What struck me about this exhibit was the sheer ordinariness of the people in the photographs. These might be the people in any town in America, 50 or 100 years ago, working, studying, eating, playing, falling in love and marrying. These might be photographs from a trunk in your parents' attic, depicting your own relatives in the early years of the 20th century. They look so ordinary, so much like anyone else on earth. Why should anyone want to kill them? The horror is in the incomprehensibility. If part of the aim of the Museum is to 'put a face on horror', to make the visitor understand, not just intellectually but viscerally, that every one of those 7 million was an individual with a life a lot like himself, then this display is successful.

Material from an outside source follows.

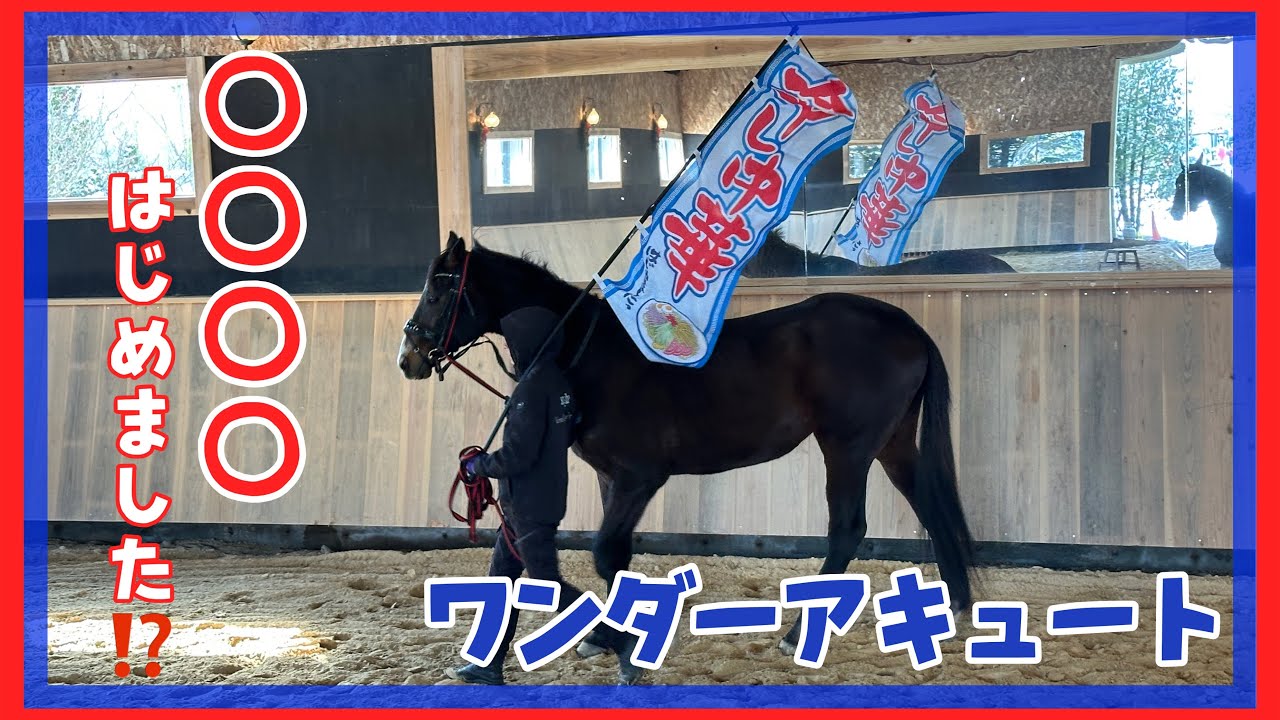 【相馬野馬追に向けて】ワンダーアキュート、旗トレ開始！…がまさかのスタート😂🚩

It took my friend and me about three hours to go through the permanent exhibit, and I wish we had had a little longer. There were several short films and video carrels on interesting subjects that I wish I could have paused for, and didn't. If you go, I would allot at least four hours, or spread your visit over a couple of days. I'm glad I went, and if you live anywhere near the Washington DC area, I urge you to go, too.